The Revolving Credit Facility, other than swingline loans, will bear interest at the Eurodollar rate plus an applicable margin or, at our option, a base rate (defined as the highest of the Wells Fargo prime rate, the Federal Funds rate plus 0.50% and the Eurodollar Base Rate plus 1.00%) plus an applicable margin. Swingline loans accrue interest at the base rate plus the applicable margin for base rate loans. The applicable margins for the Eurodollar rate loans range from 1.25% to 2.00% and for base rate loans range from 0.25% to 1.00%, depending in each case, on the leverage ratio as defined in the Agreement.

 

The Amended Credit Agreement contains various conditions, covenants and representations with which we must be in compliance in order to borrow funds and to avoid an event of default, including financial covenants that we must maintain a leverage ratio (funded debt/EBITDA) of no more than 3.00 to 1 and a minimum fixed charge coverage ratio (EBITDA/interest payments, income taxes and capital expenditures) of no less than 1.25 to 1. As of April 2, 2016, we were in compliance with all covenants of the Amended Credit Agreement.

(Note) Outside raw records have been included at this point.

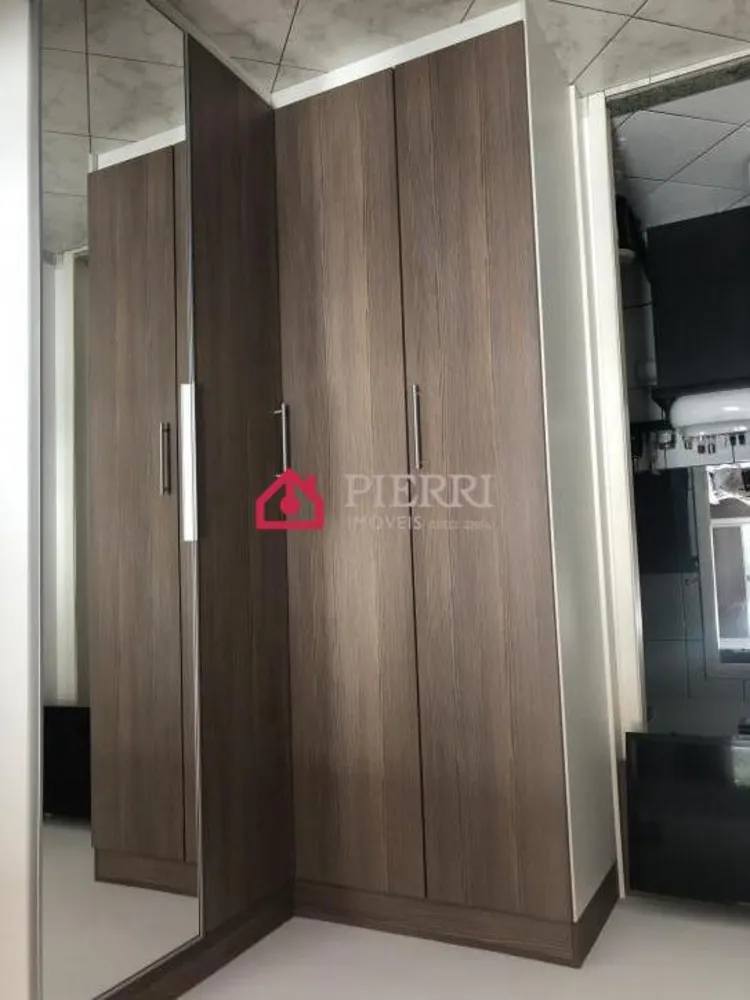 Apartamento, 4 quartos, 94 m² - Foto 9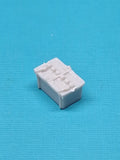 Revell AMT Ertl Monogram MPC 1/25 Model Part 1962 Pontiac Catalina 421 Battery Battery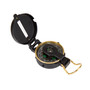 Lensatic Compass Metal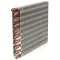 SILVER KING - 61498 - COIL CONDSR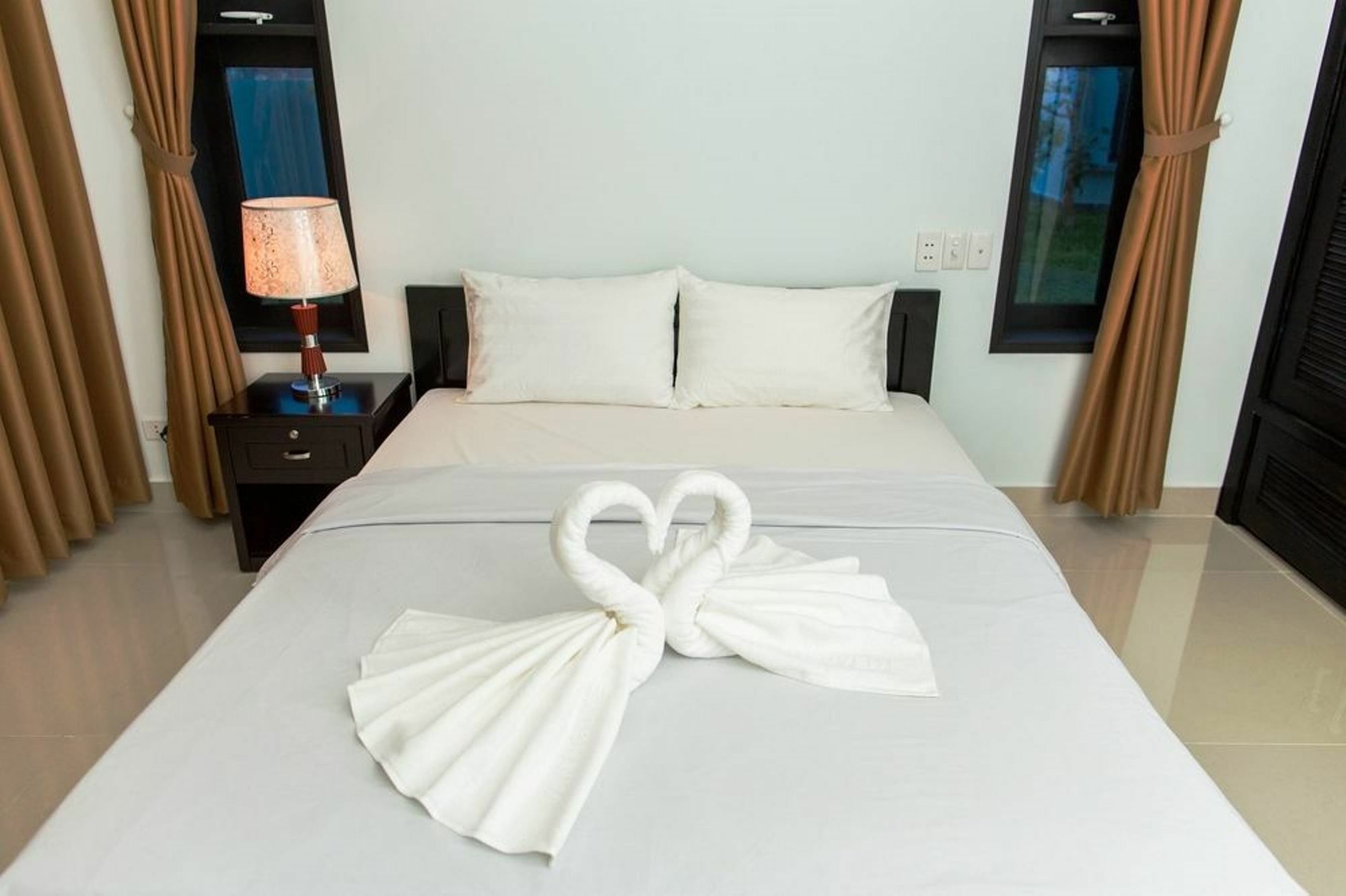 Villa Nguyen Minihouse Phan Thiet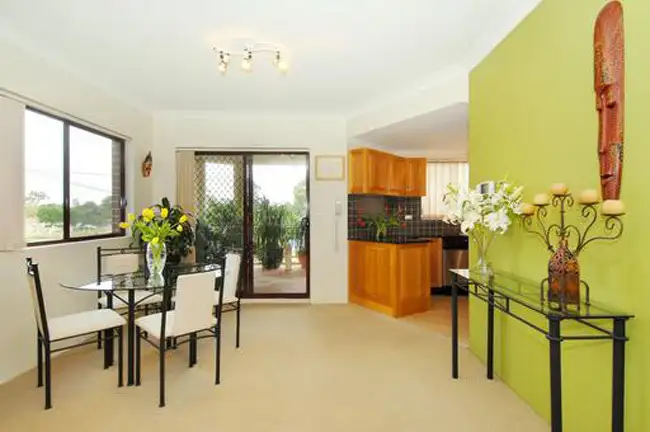Second view of Homely apartment listing, 4/54-56 Harold Street, North Parramatta NSW 2151
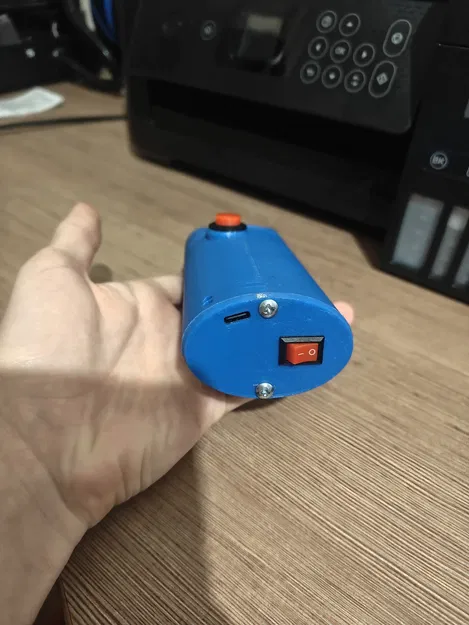 Stun gun RUSSIA - Image 3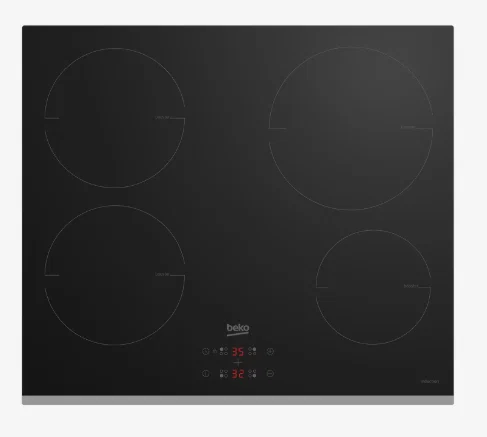 Ремонт варочных панелей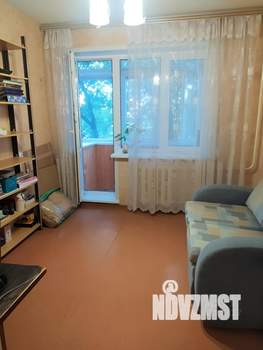 4-к квартира, вторичка, 82м2, 2/5 этаж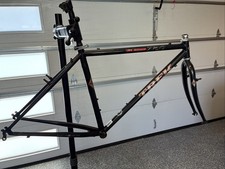 Trek Multitrack 720 Cro-Moly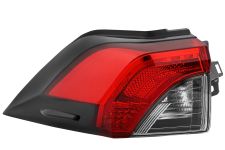 Piloto trasero Toyota Rav4 2019-> exterior / izquierdo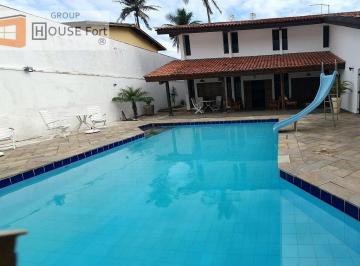 Comercial · 780m² · 14 Quartos · 14 Vagas · Pousada/Chalé em Balneario Gaivotas - Itanhaém, SP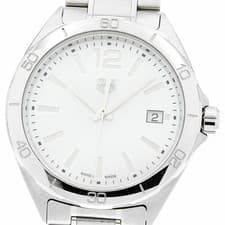 Tag Heuer Formula 1 Lady Quartz Watch WBJ1318 Used B Condition From Japan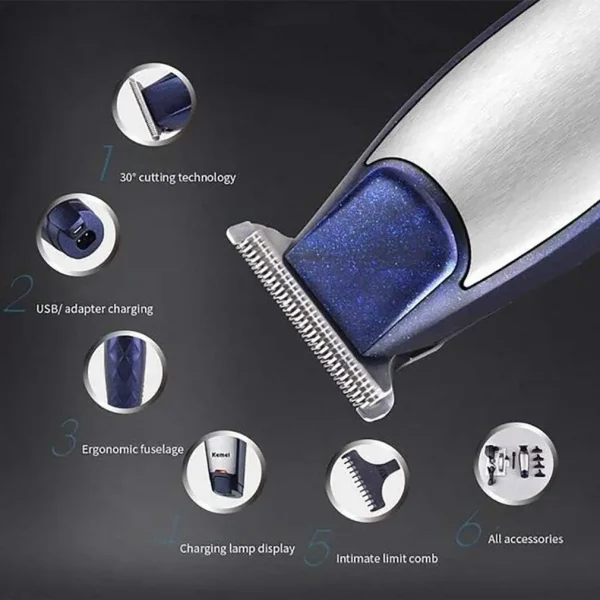 خط زن کیمی km-5021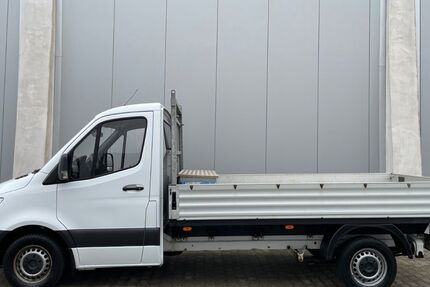 Mercedes-Benz Sprinter 113.000 km 21.900 &euro; Düsseldorf 40231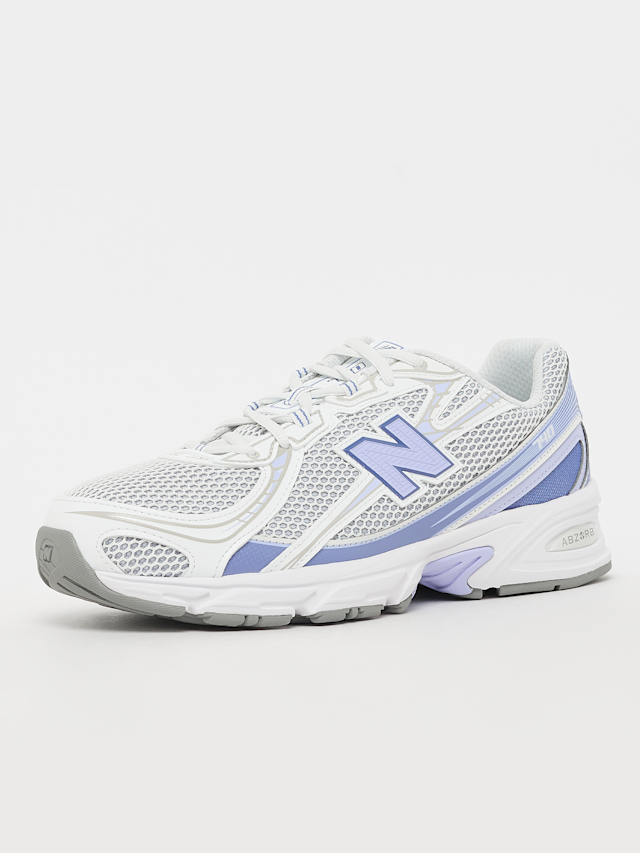 New Balance, 740 arid stone, white, Image 2 of 7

Our obligations under the Amended Credit Agreement are secured by a security interest in substantially all of our assets.

 

We have entered into an interest rate swap agreement as a hedge against the Eurodollar portion of the variable interest payments under the Credit Facilities and effectively converted the Eurodollar portion of the interest on the Credit Facilities to a fixed interest rate through July 2017. See Note 4, Derivative Financial Instruments, to the Condensed Consolidated Financial Statements for additional information.

 

Our future capital requirements will depend on many factors, including the rate of sales growth, market acceptance of our products, the timing and extent of research and development projects, potential acquisitions of companies or technologies and the expansion of our sales and marketing activities. We believe our existing cash, cash equivalents, investments and credit under our Credit Facilities are sufficient to meet our capital requirements through at least the next 12 months, although we could be required, or could elect, to seek additional funding prior to that time. We may enter into acquisitions or strategic arrangements in the future which also could require us to seek additional equity or debt financing.

 

Critical Accounting Policies and Estimates

 

The preparation of financial statements and accompanying notes in conformity with U.S. generally accepted accounting principles requires that we make estimates and assumptions that affect the amounts reported. Changes in facts and circumstances could have a significant impact on the resulting estimated amounts included in the financial statements. We believe the following critical accounting policies affect our more complex judgments and estimates. We also have other policies that we consider to be key accounting policies, such as our policies for revenue recognition, including the deferral of revenues and cost of revenues on sales to distributors; however, these policies do not meet the definition of critical accounting estimates because they do not generally require us to make estimates or judgments that are difficult or subjective.

 

Inventory valuation — We assess the recoverability of inventories through the application of a set of methods, assumptions and estimates. In determining net realizable value, we write down inventory that may be slow moving or have some form of obsolescence, including inventory that has aged more than 12 months. We also adjust the valuation of inventory when its manufacturing cost exceeds the estimated market value less selling costs. We assess the potential for any unusual customer returns based on known quality or business issues and write-off inventory losses for scrap or non-saleable material. Inventory not otherwise identified to be written down is compared to an assessment of our 12-month forecasted demand. The result of this methodology is compared against the product life cycle and competitive situations in the marketplace to determine the appropriateness of the resulting inventory levels. Demand for our products may fluctuate significantly over time, and actual demand and market conditions may be more or less favorable than those that we project. In the event that actual demand is lower or market conditions are worse than originally projected, additional inventory write-downs may be required.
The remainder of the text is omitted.